[MATERIAL PROVIDED]

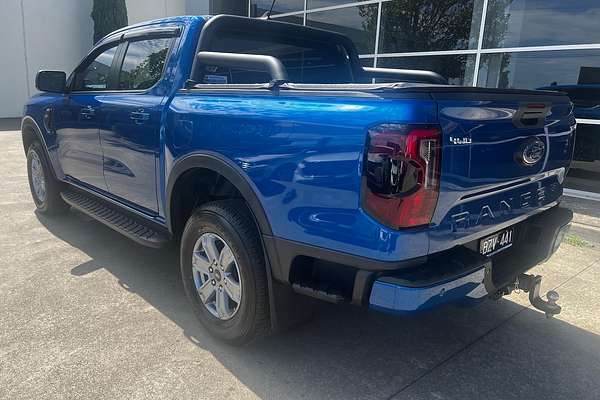 2022 Ford Ranger XLT 4X4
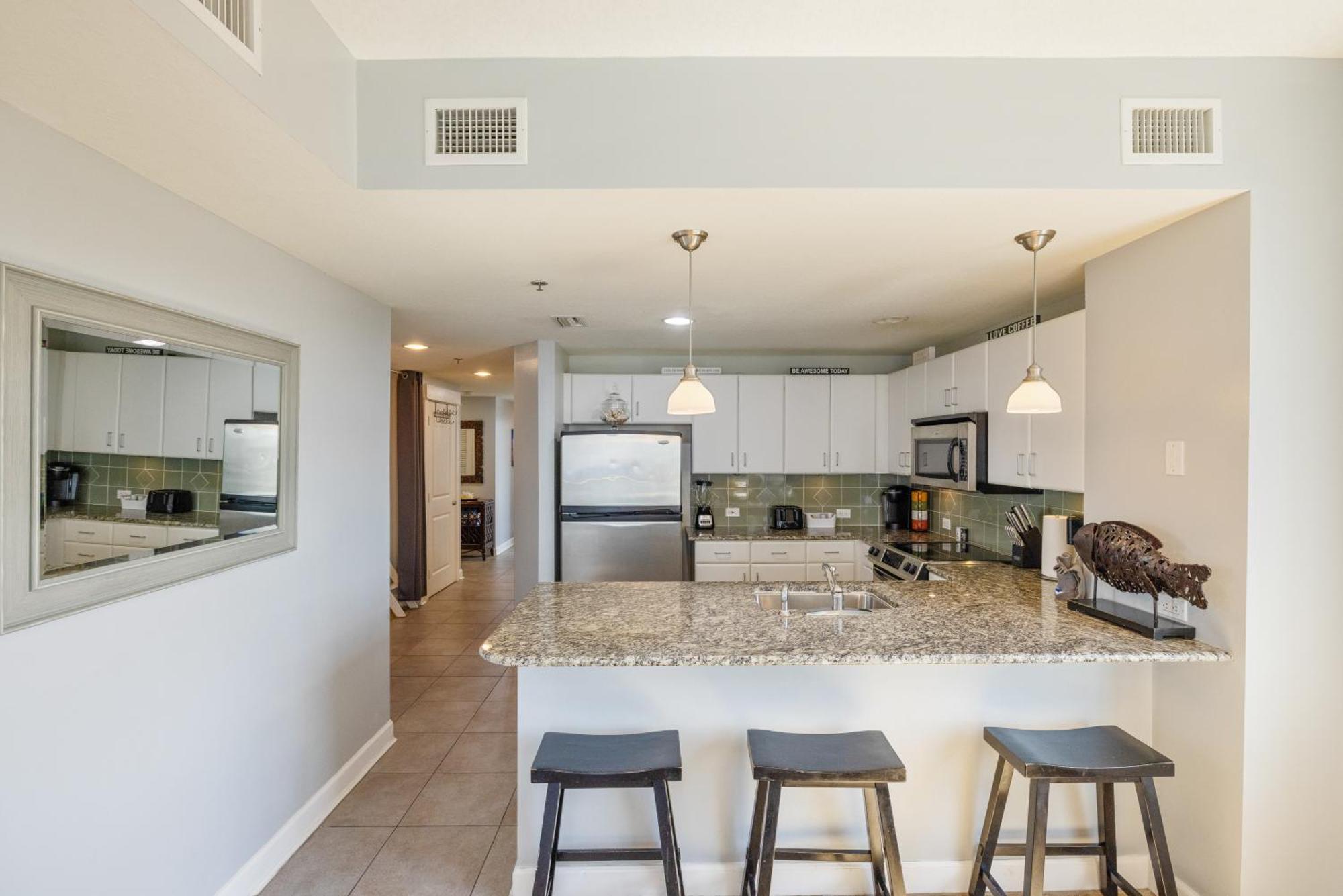 Grand Panama Resort 3Bd 3Bth 1500 Sq Ft Oceanview Panama City Beach Buitenkant foto
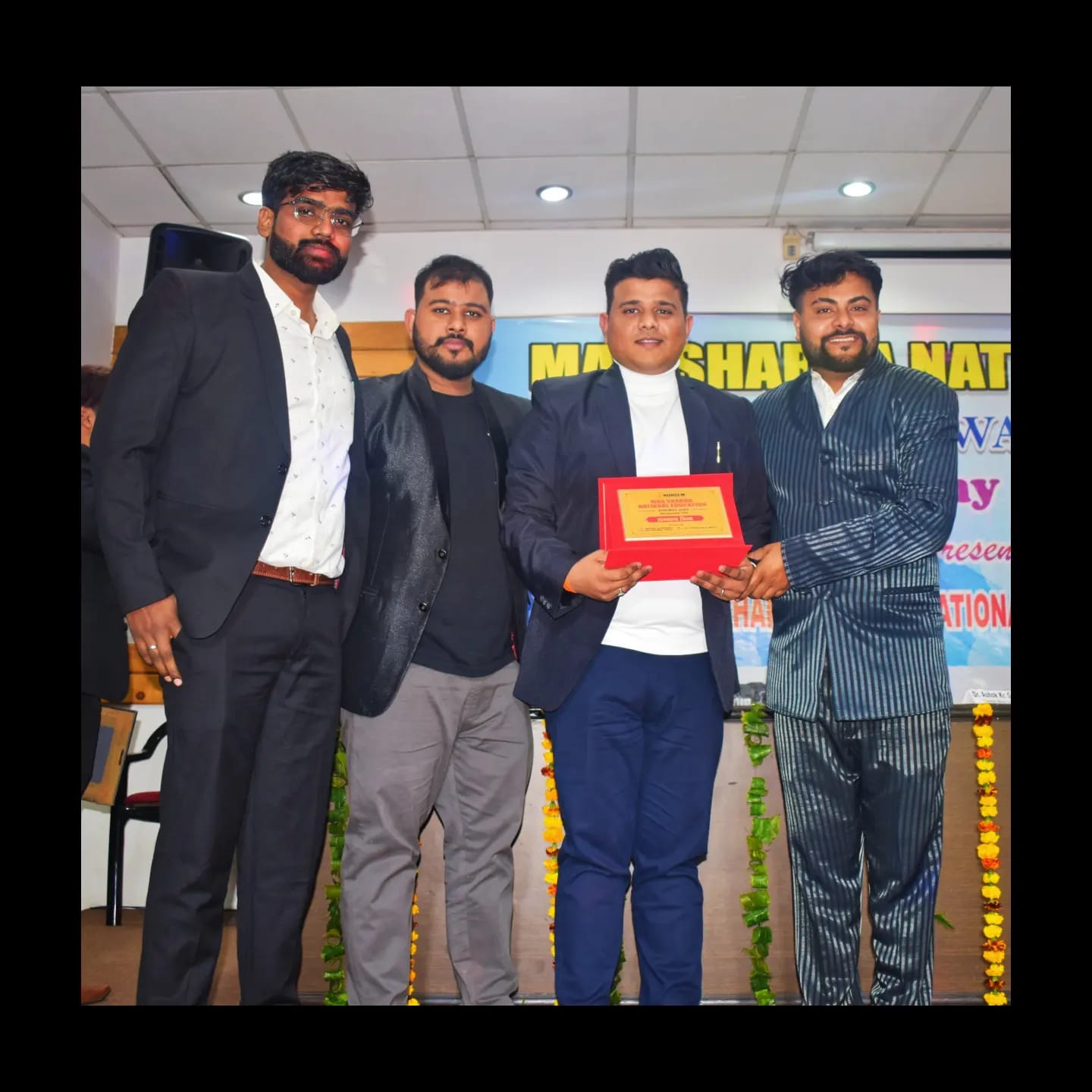 Institute Achievement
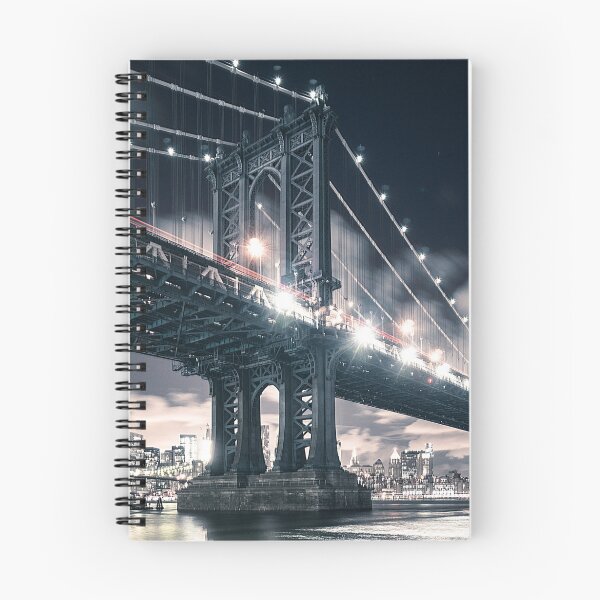Item preview, manhattan bridge designed and sold by franckreporter.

[/MATERIAL PROVIDED]

=== THE PROBLEM ===
Please repeat every line of the material above exactly and without its pictures.

=== SOLUTION TO THE PROBLEM ===
 2022 Ford Ranger XLT 4X4
 Grand Panama Resort 3Bd 3Bth 1500 Sq Ft Oceanview Panama City Beach Buitenkant foto
 Institute Achievement
Item preview, manhattan bridge designed and sold by franckreporter.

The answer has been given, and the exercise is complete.